Negative Incentive a Better Motivation for Fitness UPenn Study Finds


 

weight lossA new study from the University of Pennsylvania is adding credibility to the notion that humans are more motivated by the fear of losing out on something than they are by potential rewards. According to Fox News Health, the study focused on motivating individuals to lose weight by tracking activity with a step counter smartphone app and monetary consequences.

“Most people assume that people are rational, but we know that this is not true,” said study’s lead author Dr. Mitesh S. Patel of the Perelman School of Medicine at the University of Pennsylvania. “People are irrational but in predictable ways.”

The average adult in the United States takes approximately 5,000 steps per day, so for the study researchers asked participants to reach a goal of 7,000 steps per day. A total of 281 overweight or obese adult employees were used in the study, which lasted for 13 weeks.
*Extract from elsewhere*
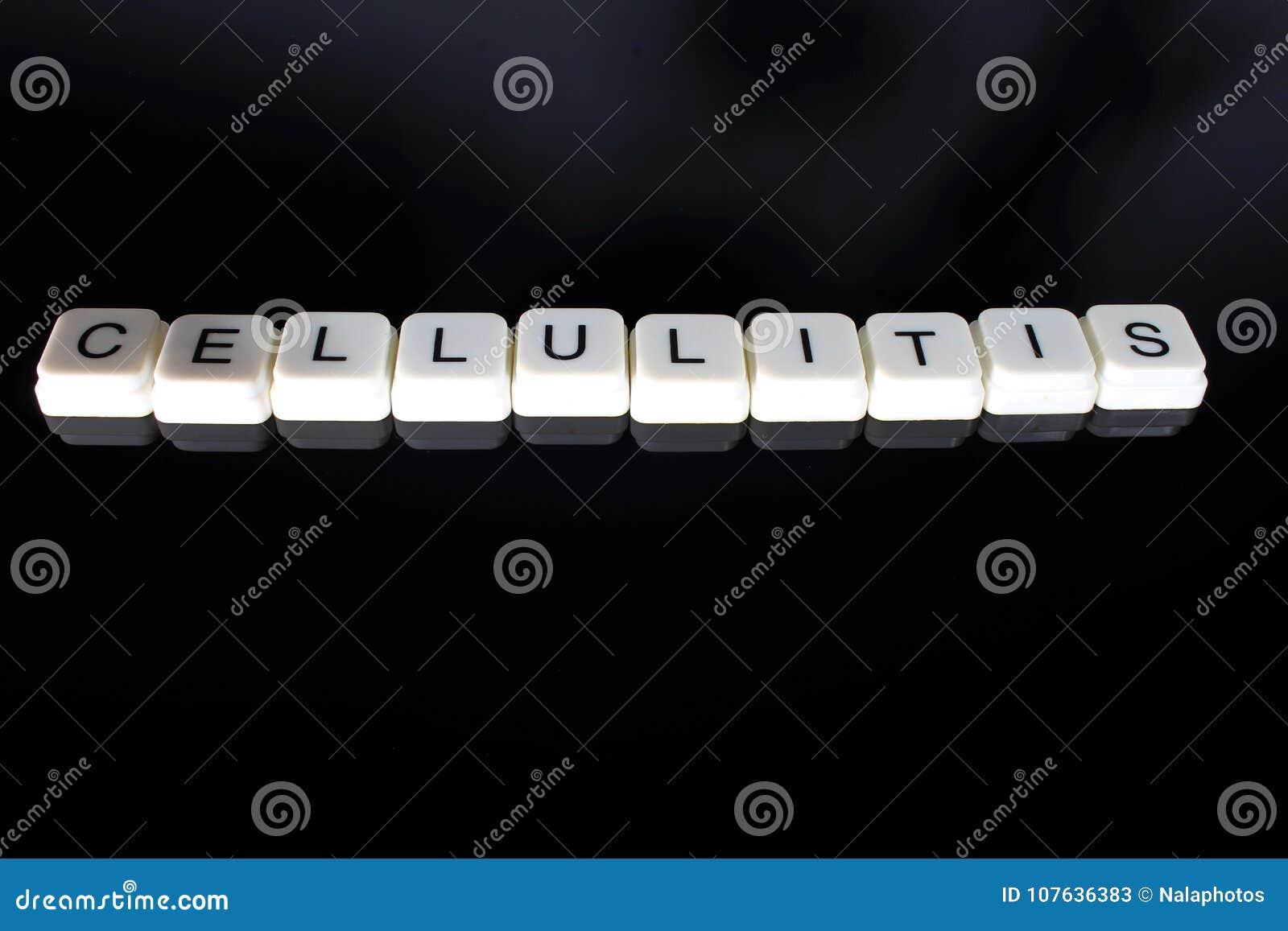 cellulitis text word title caption label cover backdrop background. alphabet letter toy blocks on black reflective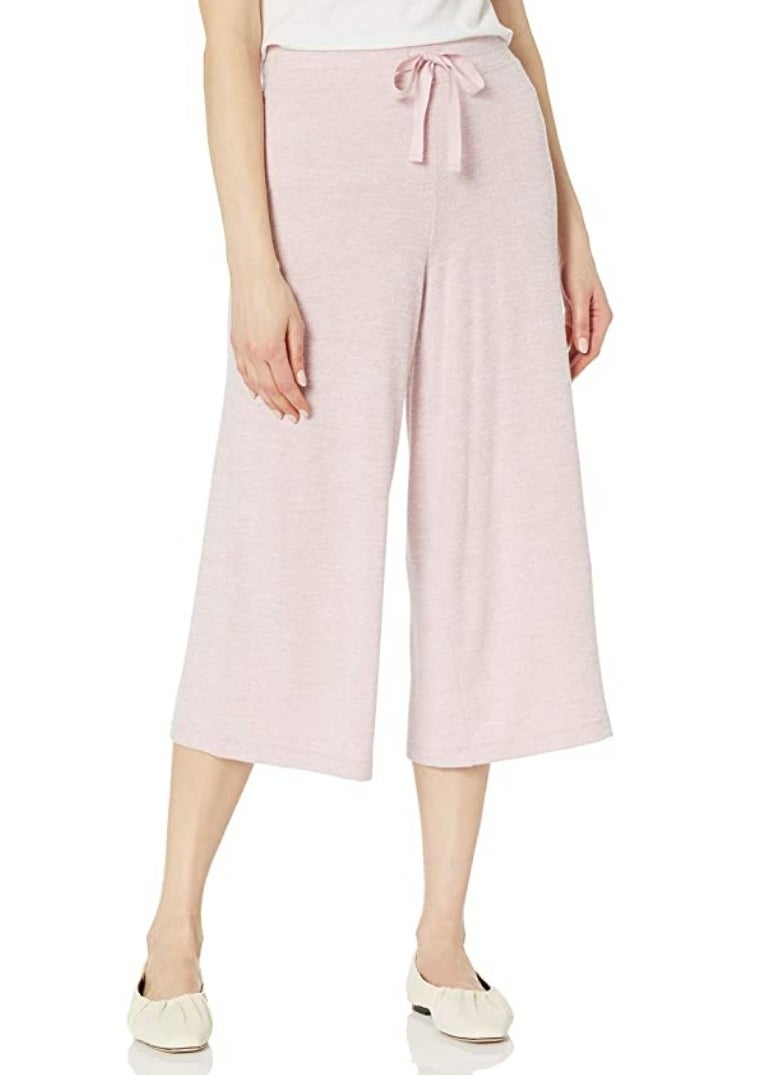 A pair of women&#x27;s knit culottes in speckled dusty pink/white marl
Subjects were divided into four groups. One group was told they would be given $1.40 every day their goal was met, another was given a monthly incentive stipend of $42, but with the caveat they would lose $1.40 every day the goal was not met. A third group drew lottery numbers and the winning number received $50, but only if they hit their goal on the previous day of the random drawing. The control group received no incentives whatsoever.

Winning the lottery can motivate people to quit their jobs (52% of winners do so), but apparently it’s not the best motivator when it comes to fitness and money. Still, that group’s step count goal was hit 36% of the time compared to the reward incentive group, which came in right behind them at 35%.

The best motivator proved to be the loss incentive group though with the goal being met 45% of the time. The control group met their quota just 30% of the time, according to the research that was reported in the Annals of Internal Medicine.

“According to a few seminal behavioral economics experiments, people don’t like losing something twice as much as they like gaining the same thing, as a rule of thumb,” said Marc Mitchell of the University of Toronto, who was not part of the study.